Are people who are coming to the community registering?
A simple ratio of visits to registered members.
Are people who are registering participating, right?
A simple ratio of members at any given time and posts, for
example, in the system.
Are people getting an answer to their question if it's a forum
discussion, right?
A ratio of initial posts or topics to replies.
And so in the early days you're building that just to understand,
gosh are most people getting an answer?
Are most people who are coming here at least exploring
the process of measuring it?
And in the early days you're simply, again,
trying to get those to a certain level of health, let's just say.
But then once you've got your community healthy and growing,
then you're going to move on to basically say, okay,
where do I want to direct this community for its benefit and for ours?
So this is a really good, I think,
overview of what's happening in the analytics environment at the moment.
Where do you see all of this heading towards within the next five to ten years?
I've been doing this for almost 20 years, since the mid-90s.

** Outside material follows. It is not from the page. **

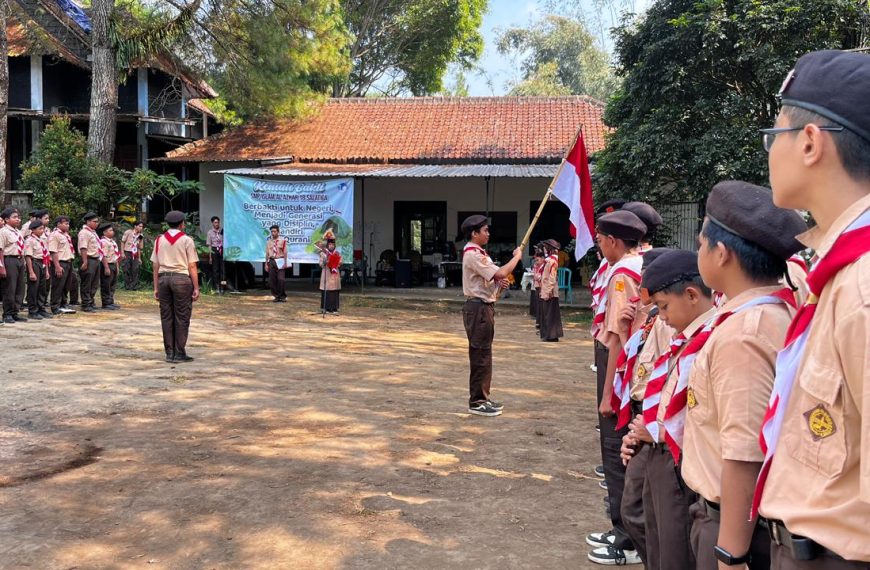 SMP Al Azhar 18 Salatiga Selenggarakan Kegiatan Kemah Wujudkan Pembelajaran Karakter Melalui Pengalaman di Alam Terbuka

And one of the things that's always frustrated me about all these platforms
is, I always joke, and developers always hate when I say this, but I say,
your social platform can answer any question you have.

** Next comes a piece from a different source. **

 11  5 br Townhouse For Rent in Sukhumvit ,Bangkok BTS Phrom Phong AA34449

As long as that question is not, who are my users and what are they saying, right?
[LAUGH] Because you could never tell who my users were because
it was largely pseudonymous.
Because it wasn't linked to a database of users we could validate, right?
I mean online interaction is often you don't know who you're dealing with, right?
So, that's one analytic challenge, is to better understand,
even if you know their identity, you might not know their needs and
their preferences and their interests and their expertise.
All of those things you really need to know, I think as a community manager.
But there 's another aspect of that as well, which is the, what are they saying?
And you might say, well, wait a minute, can't you tell what people are saying,
isn't it all public out there?
But it's the big data problem.
Yeah, you can find out what they're saying
if you have a week to spend getting everybody's opinion, right?
But how will the platform helping us understand?
How are they teasing out hot topics?
Things that are exciting people, things that are making people angry, you know.
Valuable content that when people read helps them solve problems or
move on to the next level of proficiency.
And for most people creating communities, we want to be respectful of their privacy.
And we want to create profiles, but allow them to manage those profiles so
that they can control what they reveal to us.
And then on the content side, it's just the text analytics challenge.
It's taking a vast amount of unstructured data and creating meaning from that.
And that's a hard computer science problem.
And anybody who tells you that that's solved [LAUGH] is wrong.
It's a work in progress.
So, those are the two things to me, those are the questions to me, right?
[LAUGH] These are the ones you must answer.
Joe makes some great points about how data can enable us to identify fundamental
issues with online communities, such as how many people are logging on,
what do they click on, and where do they go when they're on the site?
But Joe also notes this may indicate broader concepts.
Like are they happy with the community, if they're successful using the site,
and if the users are accomplishing their goals.